By Knut A. Rostad
Originally posted on ThinkAdvisor, August 22, 2017
The Certified Financial Planner Board of Standards’ comment period on its proposed standards ended yesterday at a historic time not unlike 1940. The Dodd-Frank Act was enacted seven years ago on the heels of the financial crisis. Rutgers law professor Arthur Laby writes that while the Securities Act of 1933 and Exchange Act of 1934 responded to immediate crises, seven years later, the Advisers Act of 1940 resulted from “study and reflection.”
Today, seven years after Dodd-Frank, the CFP Board promulgates standards in a similar post financial crisis environment. Distrust of Wall Street lingers. The American Enterprise Institute, a conservative think tank, concluded in 2013 that most investors believe the street “operates by a foreign code of conduct.”

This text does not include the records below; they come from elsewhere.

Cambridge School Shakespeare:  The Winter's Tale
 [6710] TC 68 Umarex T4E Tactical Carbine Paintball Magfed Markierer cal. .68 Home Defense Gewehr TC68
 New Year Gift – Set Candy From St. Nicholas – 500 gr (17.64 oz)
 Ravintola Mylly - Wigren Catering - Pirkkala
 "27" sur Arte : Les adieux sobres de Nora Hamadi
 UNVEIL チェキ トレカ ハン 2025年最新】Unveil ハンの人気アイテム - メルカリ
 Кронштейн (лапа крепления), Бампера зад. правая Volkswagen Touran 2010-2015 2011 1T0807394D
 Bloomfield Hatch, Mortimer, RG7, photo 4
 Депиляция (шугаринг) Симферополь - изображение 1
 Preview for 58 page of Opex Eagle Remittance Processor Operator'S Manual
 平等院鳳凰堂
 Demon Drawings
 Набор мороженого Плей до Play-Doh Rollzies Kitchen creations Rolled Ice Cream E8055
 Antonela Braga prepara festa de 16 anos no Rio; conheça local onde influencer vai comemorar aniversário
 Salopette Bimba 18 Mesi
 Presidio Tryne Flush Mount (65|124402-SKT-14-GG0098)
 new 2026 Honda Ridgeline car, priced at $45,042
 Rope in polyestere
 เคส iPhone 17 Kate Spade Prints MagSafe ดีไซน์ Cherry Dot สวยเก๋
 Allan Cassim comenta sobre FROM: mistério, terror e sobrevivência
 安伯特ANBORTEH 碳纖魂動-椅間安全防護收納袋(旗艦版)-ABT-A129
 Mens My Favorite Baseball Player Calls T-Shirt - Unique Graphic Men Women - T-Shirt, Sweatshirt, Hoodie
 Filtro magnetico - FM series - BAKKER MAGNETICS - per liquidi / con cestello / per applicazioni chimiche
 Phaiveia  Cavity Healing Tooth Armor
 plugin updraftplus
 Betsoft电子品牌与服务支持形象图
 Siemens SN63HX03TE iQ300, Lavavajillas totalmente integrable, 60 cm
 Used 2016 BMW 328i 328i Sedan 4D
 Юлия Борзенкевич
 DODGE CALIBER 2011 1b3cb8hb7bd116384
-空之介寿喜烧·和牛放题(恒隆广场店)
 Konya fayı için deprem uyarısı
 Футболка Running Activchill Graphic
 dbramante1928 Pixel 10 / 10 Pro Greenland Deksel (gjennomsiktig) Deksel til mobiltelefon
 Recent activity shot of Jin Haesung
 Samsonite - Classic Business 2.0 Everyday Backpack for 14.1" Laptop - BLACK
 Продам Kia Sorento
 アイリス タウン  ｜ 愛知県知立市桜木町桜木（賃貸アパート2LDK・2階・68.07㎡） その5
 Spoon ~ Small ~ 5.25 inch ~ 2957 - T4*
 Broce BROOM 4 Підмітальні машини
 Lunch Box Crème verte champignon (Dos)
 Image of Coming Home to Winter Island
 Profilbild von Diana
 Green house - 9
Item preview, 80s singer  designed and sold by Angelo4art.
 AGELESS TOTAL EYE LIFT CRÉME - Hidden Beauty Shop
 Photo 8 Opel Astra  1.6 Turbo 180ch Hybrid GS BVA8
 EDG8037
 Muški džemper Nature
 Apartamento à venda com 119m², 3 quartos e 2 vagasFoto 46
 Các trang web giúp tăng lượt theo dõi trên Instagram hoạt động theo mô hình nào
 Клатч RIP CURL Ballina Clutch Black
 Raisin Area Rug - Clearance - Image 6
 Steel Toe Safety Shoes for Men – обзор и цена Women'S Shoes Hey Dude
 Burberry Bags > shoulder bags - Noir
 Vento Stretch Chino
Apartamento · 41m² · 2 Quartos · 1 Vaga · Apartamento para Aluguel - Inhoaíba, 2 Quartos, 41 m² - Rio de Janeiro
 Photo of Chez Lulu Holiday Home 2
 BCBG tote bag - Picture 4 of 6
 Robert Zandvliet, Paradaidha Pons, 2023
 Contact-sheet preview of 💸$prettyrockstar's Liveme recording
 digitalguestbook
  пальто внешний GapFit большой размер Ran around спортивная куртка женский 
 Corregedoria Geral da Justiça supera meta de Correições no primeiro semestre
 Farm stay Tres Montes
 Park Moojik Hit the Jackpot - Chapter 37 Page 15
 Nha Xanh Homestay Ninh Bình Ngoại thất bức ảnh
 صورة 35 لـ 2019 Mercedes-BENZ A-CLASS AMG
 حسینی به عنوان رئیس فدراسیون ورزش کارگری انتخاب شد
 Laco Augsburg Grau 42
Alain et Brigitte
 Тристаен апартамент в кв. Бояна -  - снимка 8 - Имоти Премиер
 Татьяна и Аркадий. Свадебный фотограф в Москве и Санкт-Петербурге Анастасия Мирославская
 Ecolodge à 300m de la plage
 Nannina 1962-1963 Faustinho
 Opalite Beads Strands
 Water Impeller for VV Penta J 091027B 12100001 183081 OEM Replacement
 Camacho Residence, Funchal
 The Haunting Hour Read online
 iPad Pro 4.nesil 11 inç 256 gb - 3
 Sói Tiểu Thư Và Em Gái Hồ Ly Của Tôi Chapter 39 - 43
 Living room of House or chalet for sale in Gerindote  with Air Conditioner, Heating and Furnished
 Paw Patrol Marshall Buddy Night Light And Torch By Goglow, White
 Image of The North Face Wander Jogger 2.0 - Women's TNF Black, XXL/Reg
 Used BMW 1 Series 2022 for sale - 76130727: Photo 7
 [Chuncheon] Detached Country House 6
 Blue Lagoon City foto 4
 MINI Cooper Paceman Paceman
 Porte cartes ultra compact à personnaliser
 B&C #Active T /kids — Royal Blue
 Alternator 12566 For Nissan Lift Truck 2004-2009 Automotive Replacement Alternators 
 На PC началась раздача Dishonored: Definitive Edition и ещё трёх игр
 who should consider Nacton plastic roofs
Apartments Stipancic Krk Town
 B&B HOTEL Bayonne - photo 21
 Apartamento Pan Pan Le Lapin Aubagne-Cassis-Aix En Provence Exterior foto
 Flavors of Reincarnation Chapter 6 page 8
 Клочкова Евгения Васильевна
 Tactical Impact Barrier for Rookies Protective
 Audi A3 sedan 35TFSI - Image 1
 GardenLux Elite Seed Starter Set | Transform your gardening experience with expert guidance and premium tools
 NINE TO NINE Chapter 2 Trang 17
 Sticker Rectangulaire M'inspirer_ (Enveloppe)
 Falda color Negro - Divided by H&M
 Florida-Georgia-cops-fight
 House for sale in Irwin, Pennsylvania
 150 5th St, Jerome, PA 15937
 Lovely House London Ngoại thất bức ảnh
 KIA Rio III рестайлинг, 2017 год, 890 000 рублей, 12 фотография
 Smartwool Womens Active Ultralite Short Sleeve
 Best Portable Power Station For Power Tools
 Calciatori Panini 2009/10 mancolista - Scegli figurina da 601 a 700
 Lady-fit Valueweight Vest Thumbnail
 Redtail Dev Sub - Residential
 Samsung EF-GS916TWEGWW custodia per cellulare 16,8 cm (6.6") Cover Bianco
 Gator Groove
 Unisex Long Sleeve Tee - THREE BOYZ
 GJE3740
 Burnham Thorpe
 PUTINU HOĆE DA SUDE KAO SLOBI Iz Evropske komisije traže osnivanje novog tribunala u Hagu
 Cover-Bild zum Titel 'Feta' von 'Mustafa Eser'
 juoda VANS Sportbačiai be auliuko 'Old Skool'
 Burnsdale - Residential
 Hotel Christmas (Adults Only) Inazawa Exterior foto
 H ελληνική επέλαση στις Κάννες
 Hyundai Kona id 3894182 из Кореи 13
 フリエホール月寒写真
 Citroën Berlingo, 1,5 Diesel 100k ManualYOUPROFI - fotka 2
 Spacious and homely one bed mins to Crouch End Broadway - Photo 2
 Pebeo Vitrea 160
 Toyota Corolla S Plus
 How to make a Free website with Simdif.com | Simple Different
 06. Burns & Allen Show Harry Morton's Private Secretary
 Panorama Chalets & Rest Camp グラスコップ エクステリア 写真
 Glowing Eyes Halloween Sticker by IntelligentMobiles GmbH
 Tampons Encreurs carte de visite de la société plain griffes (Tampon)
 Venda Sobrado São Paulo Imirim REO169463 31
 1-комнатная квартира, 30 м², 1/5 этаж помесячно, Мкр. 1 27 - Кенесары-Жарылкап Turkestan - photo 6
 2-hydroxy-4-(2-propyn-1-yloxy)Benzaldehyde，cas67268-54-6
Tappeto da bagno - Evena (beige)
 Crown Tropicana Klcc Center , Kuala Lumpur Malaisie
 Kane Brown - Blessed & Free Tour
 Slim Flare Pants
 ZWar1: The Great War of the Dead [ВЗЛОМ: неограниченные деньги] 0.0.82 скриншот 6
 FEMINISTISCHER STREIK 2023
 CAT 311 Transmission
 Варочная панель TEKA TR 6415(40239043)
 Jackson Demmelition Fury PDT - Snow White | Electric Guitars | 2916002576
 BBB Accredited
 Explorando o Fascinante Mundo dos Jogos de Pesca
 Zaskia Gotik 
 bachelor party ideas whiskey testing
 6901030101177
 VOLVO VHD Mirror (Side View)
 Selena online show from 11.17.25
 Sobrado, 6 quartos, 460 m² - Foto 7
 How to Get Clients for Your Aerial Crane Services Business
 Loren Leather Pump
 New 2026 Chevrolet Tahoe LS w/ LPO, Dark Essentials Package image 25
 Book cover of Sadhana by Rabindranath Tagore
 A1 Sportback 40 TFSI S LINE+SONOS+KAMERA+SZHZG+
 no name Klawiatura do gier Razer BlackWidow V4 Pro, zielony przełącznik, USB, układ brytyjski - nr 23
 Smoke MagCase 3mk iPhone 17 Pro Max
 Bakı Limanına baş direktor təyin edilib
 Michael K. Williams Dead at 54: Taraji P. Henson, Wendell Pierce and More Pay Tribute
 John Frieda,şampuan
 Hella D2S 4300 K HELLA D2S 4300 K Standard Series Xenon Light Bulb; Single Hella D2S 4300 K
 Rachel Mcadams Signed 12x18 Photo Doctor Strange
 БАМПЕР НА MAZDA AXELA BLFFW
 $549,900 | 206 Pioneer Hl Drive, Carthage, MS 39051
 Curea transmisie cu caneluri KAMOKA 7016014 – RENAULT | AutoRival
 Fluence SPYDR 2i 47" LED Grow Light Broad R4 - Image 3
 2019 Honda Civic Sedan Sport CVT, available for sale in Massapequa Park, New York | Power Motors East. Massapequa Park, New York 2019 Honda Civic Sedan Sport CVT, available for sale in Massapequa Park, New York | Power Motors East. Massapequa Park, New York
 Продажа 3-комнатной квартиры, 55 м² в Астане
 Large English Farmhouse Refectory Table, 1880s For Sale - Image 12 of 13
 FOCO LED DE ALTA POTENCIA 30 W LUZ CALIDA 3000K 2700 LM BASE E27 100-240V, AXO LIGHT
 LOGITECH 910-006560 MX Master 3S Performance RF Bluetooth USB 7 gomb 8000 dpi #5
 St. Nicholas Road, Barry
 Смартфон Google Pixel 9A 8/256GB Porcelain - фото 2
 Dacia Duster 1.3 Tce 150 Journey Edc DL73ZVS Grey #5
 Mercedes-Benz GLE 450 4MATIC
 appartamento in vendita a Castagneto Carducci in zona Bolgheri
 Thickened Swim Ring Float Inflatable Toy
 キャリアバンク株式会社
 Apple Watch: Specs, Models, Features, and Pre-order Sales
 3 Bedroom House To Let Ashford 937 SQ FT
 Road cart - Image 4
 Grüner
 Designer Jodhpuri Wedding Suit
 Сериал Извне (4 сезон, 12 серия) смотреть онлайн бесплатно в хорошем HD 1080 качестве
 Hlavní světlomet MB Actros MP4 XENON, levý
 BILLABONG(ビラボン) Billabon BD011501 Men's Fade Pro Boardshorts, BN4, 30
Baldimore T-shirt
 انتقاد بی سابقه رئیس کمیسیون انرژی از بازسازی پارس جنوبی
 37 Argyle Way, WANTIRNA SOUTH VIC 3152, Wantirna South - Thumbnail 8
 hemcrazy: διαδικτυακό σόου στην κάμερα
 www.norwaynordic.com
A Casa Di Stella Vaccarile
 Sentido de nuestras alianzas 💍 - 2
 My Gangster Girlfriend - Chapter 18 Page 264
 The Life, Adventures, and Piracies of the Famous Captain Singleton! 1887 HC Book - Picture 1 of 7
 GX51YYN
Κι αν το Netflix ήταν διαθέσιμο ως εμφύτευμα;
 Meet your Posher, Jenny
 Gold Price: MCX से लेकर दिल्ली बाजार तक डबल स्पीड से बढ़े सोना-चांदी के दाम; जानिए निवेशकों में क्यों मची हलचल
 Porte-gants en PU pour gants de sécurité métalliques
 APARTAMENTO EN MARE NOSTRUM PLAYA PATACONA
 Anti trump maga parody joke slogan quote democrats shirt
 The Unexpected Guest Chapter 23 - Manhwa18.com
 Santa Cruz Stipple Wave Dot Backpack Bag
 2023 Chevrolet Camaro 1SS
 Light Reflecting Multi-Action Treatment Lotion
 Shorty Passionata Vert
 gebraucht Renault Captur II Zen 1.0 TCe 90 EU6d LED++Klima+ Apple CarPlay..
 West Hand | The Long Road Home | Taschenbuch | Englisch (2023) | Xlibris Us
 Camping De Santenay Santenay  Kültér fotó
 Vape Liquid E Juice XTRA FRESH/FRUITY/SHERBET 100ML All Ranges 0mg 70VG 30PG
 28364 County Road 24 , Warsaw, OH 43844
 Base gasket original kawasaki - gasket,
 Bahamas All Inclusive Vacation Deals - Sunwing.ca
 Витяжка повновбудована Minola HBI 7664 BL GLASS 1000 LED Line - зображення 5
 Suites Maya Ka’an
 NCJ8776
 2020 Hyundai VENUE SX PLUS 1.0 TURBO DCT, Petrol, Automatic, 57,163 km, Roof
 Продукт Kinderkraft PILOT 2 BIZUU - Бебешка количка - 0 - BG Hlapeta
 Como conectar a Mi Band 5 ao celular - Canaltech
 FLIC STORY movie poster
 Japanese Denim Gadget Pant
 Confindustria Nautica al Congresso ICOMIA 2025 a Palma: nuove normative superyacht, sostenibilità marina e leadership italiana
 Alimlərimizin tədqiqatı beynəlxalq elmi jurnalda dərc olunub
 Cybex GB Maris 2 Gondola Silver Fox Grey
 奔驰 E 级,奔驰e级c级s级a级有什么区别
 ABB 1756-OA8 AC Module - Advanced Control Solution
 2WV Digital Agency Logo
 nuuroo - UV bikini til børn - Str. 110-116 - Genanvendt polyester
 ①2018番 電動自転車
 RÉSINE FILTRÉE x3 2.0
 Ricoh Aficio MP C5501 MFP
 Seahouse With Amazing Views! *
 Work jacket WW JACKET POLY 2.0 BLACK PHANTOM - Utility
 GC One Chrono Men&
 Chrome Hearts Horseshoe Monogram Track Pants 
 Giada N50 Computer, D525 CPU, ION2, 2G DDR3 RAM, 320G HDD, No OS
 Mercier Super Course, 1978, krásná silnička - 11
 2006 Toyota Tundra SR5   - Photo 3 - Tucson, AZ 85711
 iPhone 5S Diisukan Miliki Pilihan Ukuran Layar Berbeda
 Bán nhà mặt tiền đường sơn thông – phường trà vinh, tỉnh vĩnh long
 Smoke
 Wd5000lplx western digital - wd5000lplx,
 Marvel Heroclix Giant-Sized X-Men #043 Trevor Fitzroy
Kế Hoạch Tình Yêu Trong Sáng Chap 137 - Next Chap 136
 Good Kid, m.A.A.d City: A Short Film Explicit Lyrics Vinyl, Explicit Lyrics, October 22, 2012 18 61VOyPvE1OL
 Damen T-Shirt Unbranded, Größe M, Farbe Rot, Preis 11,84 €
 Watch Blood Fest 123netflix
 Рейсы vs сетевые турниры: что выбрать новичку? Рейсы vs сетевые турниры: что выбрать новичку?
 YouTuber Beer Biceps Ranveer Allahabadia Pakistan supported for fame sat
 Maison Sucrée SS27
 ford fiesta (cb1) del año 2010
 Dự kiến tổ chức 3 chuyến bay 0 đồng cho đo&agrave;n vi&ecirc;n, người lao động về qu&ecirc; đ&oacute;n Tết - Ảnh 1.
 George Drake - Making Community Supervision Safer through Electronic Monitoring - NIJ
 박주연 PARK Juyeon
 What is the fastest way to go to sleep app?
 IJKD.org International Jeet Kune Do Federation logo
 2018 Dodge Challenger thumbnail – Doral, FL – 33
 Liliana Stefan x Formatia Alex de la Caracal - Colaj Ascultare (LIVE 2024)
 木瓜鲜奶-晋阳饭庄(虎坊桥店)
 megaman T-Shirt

This forces the question: What do investors want from advisors’ code of conduct? A survey conducted in 2016 by the CFA Institute offers an insight. Transparency and clarity on fees and conflicts stand out above most other concerns, even “beating” the benchmarks’ performance. One reading of this research: Meeting client needs today has actually gotten easier.
The proposed standards move financial planners towards professionalism on a number of fronts. Two stand out. One, in a sharp departure from the current standards, all CFPs who render financial advice are held to fiduciary standards of conduct. Two, conflicts begin to be addressed. Still, more steps need be taken in three areas especially: conflicts, cost disclosures and enforcement.
Conflicts.
CFP Board standards call for disclosure and management of conflicts. This is insufficient. CFPs need guidance. Guidance that acknowledges the importance of conflicts and the present absence of education and understanding of their inherent harms. Like a threatening virus (a term offered by a former SEC official), conflicts should be defined as presumed harmful, deserving of being avoided or eliminated. However, if a conflict is accepted by a broker or advisor and is not avoided, then what?
There is only one answer. It’s mitigation that neutralizes the virus. Mitigation measures and remedies proportional to the risks and harms. CFP Board should provide guidance because the BD industry and the vast majority of CFPs and their firms have no record, experience or culture of mitigating conflicts.
What’s It Cost?
The standards call for describing how clients pay and how CFPs and firms are paid — not what is paid. This requirement falls short. CFPs should be mindful of how low is this standard. Consider there may be no other product sale or equivalent service rendered that operates in so much darkness that is so fervently defended and so routinely associated with poor outcomes. Disclosure of what the client pays in all-in costs and fees should be required in writing. At minimum, provide a good-faith written estimate.
Enforcement.
Enforcement is crucial, especially in an age of skepticism. Michael Kitces asks how the standards can be enforced with resource constraints and the ambiguity in the standards. And what about the added factor of BDs’ own policies? One CFP writes that her broker-dealer, UBS, notified customers that CFP standards do not “change the obligation of UBS or financial advisors.”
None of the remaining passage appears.